Orchestration, or the routine scheduling and exection of dependent tasks, is a core component of modern data work. Orchestration continues to reach more and more data workers - it was originally a focus for data engineers, but it now permeates the work of data analysts, analytics engineers, data scientists, and machine learning engineers. The easier it is for any class of data worker to orchestrate their code, the easier it is for any member of an organization to derive value from the output of that code.

Flavors of Orchestration Code

Orchestration with Python is a vast and opinionated landscape, but there are three clear flavors of orchestration to have emerged over time:

  1. Object-oriented orchestration, where tasks are objects and dependencies between tasks are handled with methods or operators (e.g. >>). Airflow’s classic style is a good example of object-oriented orchestration.

  2. Decorative orchestration, where tasks are functions and decorators are used to configure the tasks. Dependencies are often managed by passing the output of one function to the input of another. Airflow’s taskflow API and Dagster’s entire API are good examples of decorative orchestation.

  3. File-oriented orchestration, where tasks are files, and dependencies are cleverly inferred or explicitly declared. Tools like Mage, dbt, and Orchest exemplify file-oriented orchestration.

What is gusty?

gusty is a file-oriented framework for Airflow, the absolute standard for orchestrators today. Airflow is a Top-Level Apache Project with sustained development, a gigantic ecosystem of provider packages, and is offered as a hosted service by major public clouds and other Airflow-focused companies. While other orchestrators natively support file-oriented orchestration, Airflow is such a good orchestrator that it was compelling to create a file-oriented framework for it. If you are reading this, you are likely already familiar with - or using - Airflow.

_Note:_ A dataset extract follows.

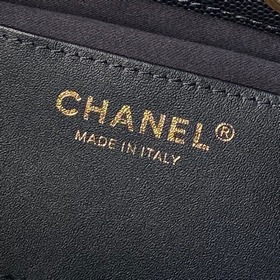 CHANEL 25C — модель с подиума, сумка H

gusty exists to make file-oriented orchestration fun and easy using Airflow, allowing for file-oriented DAGs to be incorporated in existing Airflow projects without any need to change existing work or Airflow code. You can use any Airflow operator with gusty; gusty is simply a different way to write Airflow DAGs. This document hopes to serve as a guide for getting the most out of file-oriented orchestration in Airflow using gusty.